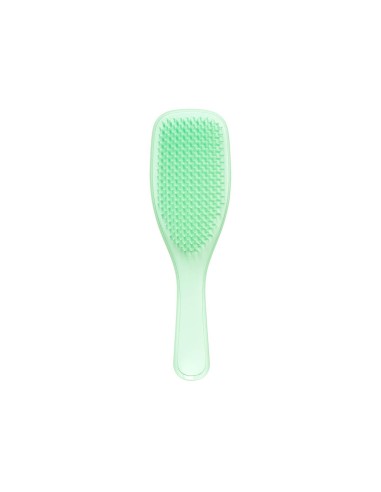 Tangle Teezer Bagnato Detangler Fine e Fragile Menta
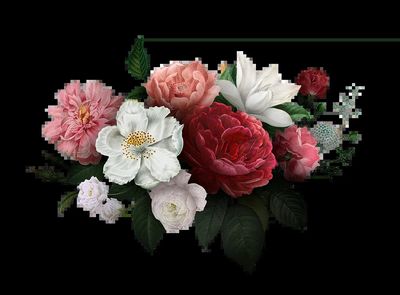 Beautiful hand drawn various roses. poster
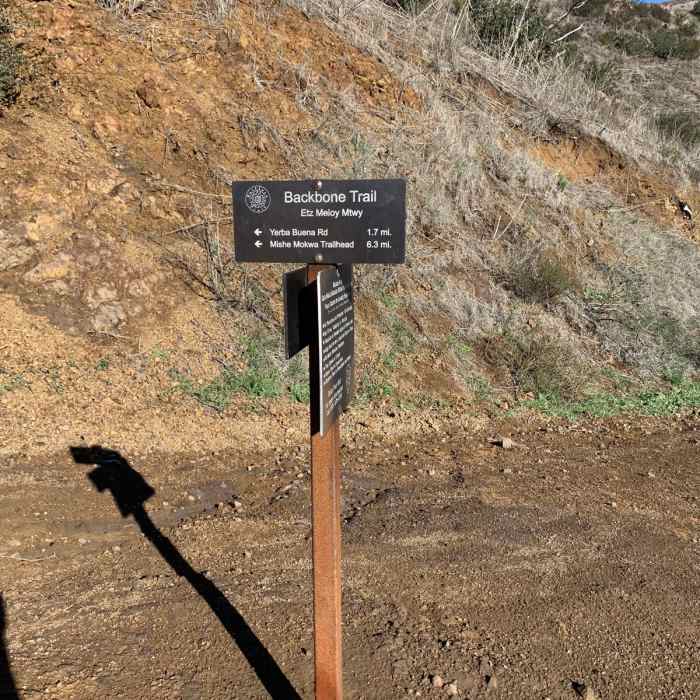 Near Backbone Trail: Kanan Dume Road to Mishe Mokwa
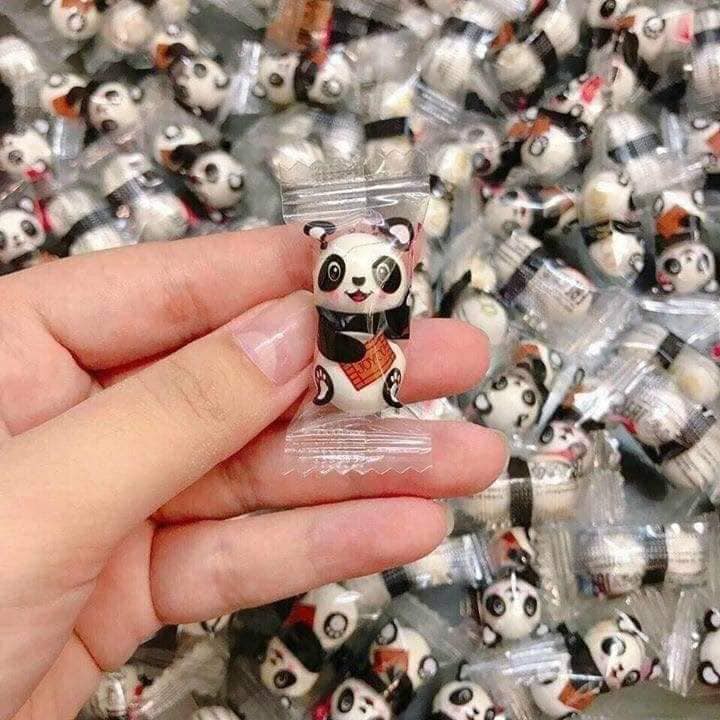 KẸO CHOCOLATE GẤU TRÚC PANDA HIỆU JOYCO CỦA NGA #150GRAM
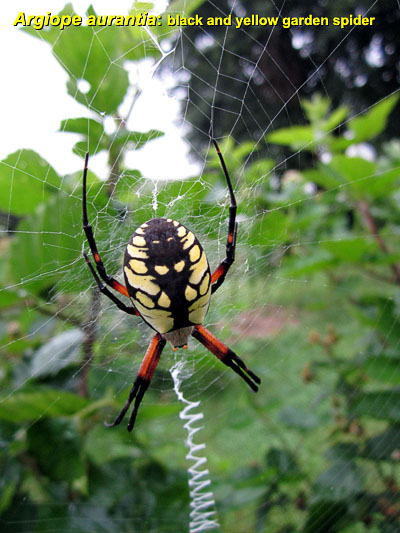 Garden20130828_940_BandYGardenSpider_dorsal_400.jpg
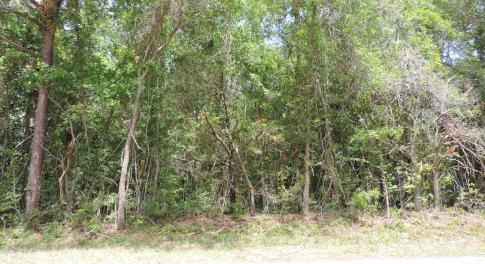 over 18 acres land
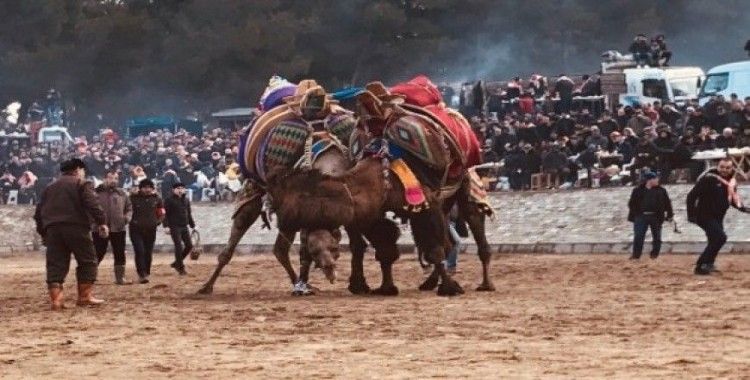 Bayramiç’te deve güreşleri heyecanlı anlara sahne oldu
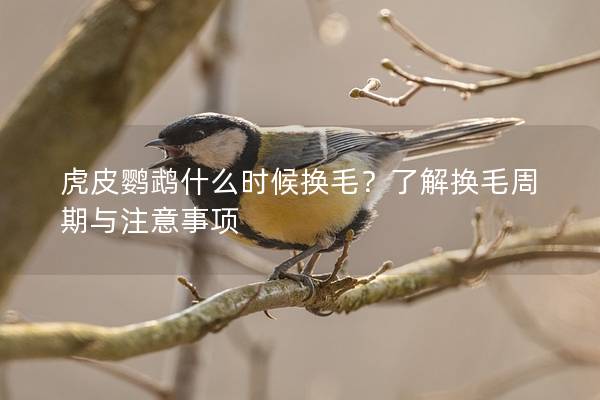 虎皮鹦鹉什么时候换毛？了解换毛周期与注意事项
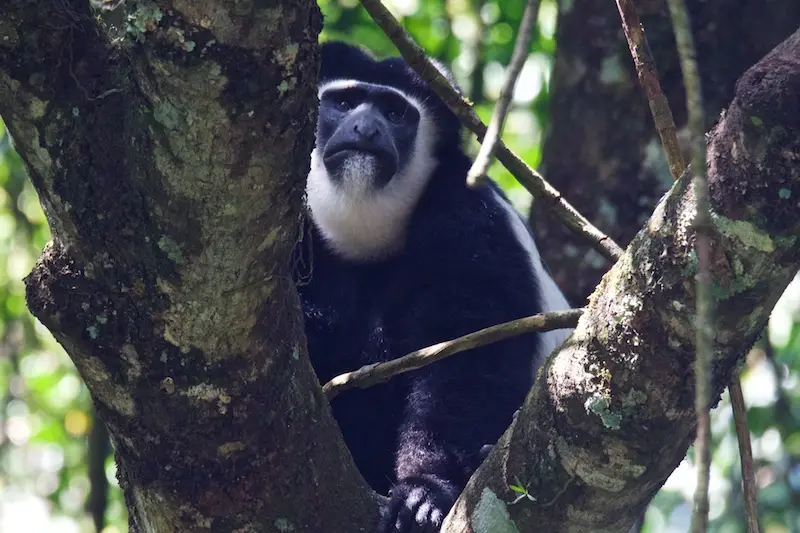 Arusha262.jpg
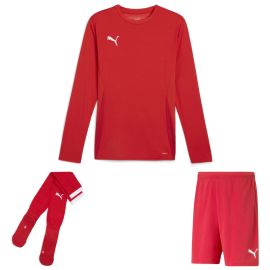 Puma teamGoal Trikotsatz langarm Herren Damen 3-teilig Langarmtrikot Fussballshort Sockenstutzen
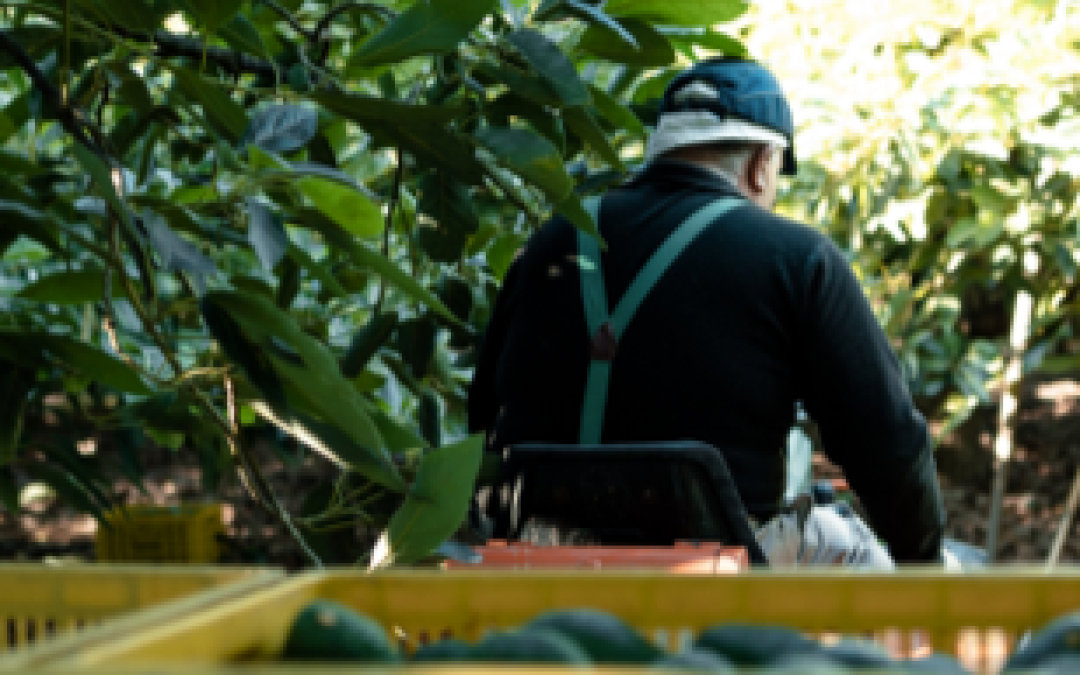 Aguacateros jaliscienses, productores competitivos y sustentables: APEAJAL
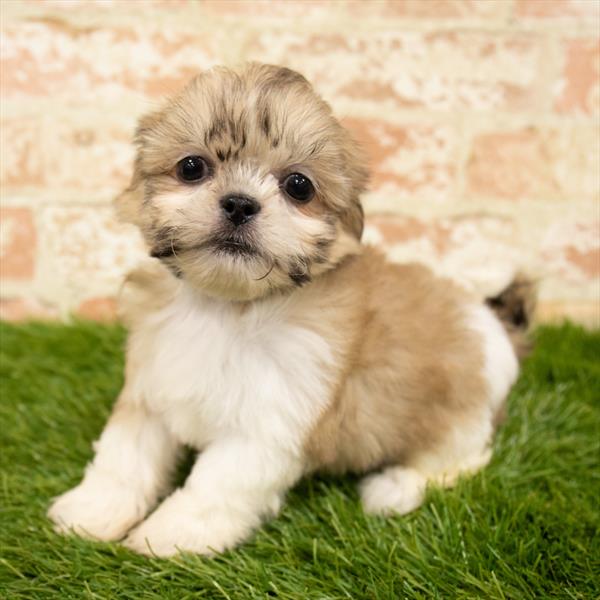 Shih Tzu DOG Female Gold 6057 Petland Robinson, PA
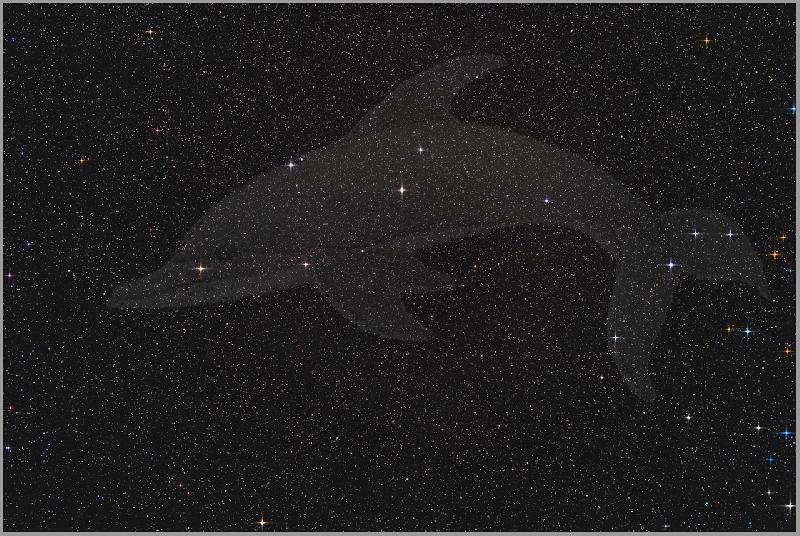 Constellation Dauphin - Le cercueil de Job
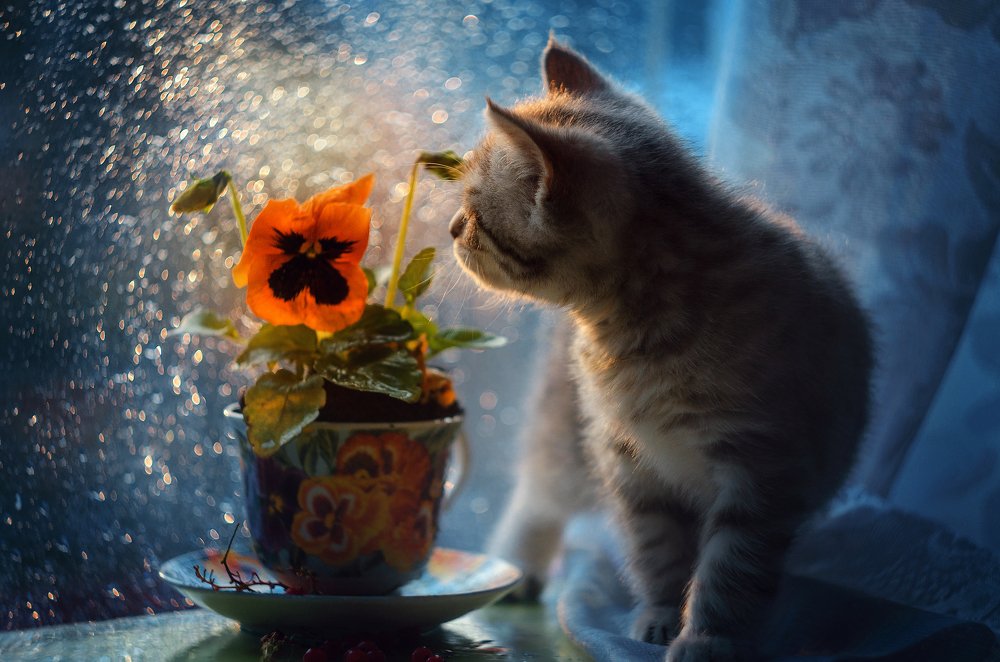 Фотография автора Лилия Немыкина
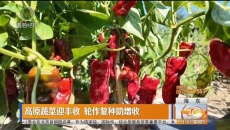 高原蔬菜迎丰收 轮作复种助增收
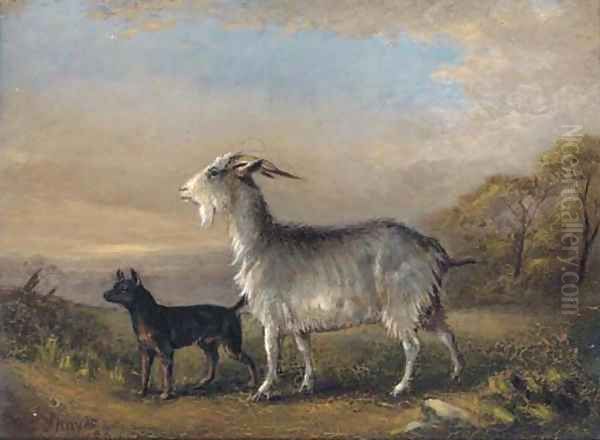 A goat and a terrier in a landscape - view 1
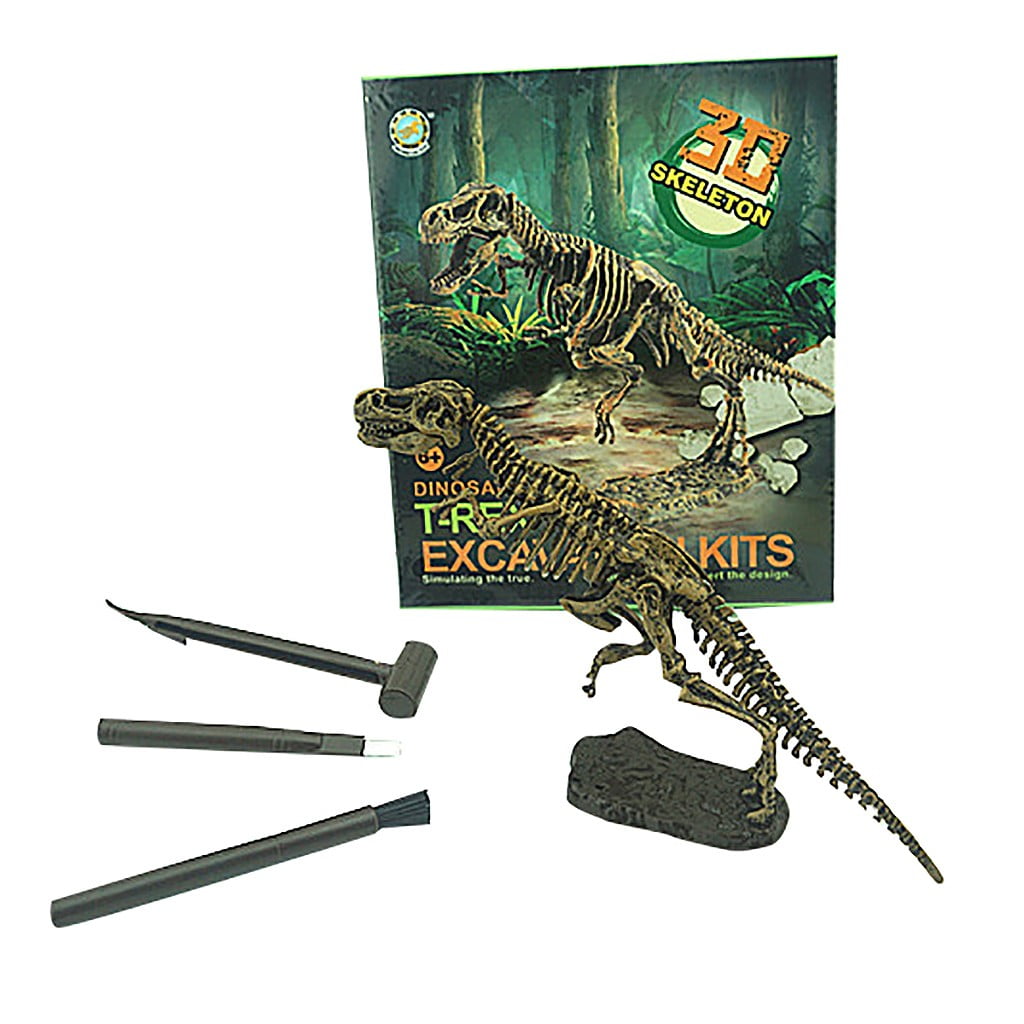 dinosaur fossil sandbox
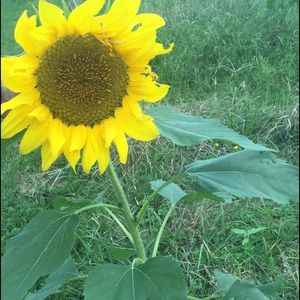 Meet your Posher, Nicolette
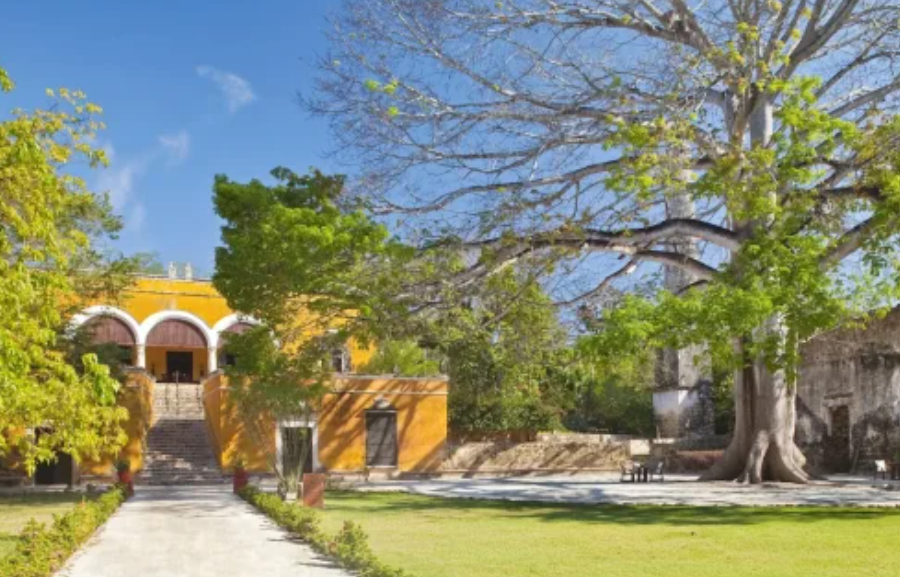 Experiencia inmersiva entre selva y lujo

▶ TASK STATEMENT: Pictures excluded, transcribe the listing above exactly from the line with "KẸO CHOCOLATE GẤU" through the line with "Shih Tzu DOG", and no further.

▶ RESPONSE BOX:
 KẸO CHOCOLATE GẤU TRÚC PANDA HIỆU JOYCO CỦA NGA #150GRAM
 Garden20130828_940_BandYGardenSpider_dorsal_400.jpg
 over 18 acres land
 Bayramiç’te deve güreşleri heyecanlı anlara sahne oldu
 虎皮鹦鹉什么时候换毛？了解换毛周期与注意事项
 Arusha262.jpg
 Puma teamGoal Trikotsatz langarm Herren Damen 3-teilig Langarmtrikot Fussballshort Sockenstutzen
 Aguacateros jaliscienses, productores competitivos y sustentables: APEAJAL
 Shih Tzu DOG Female Gold 6057 Petland Robinson, PA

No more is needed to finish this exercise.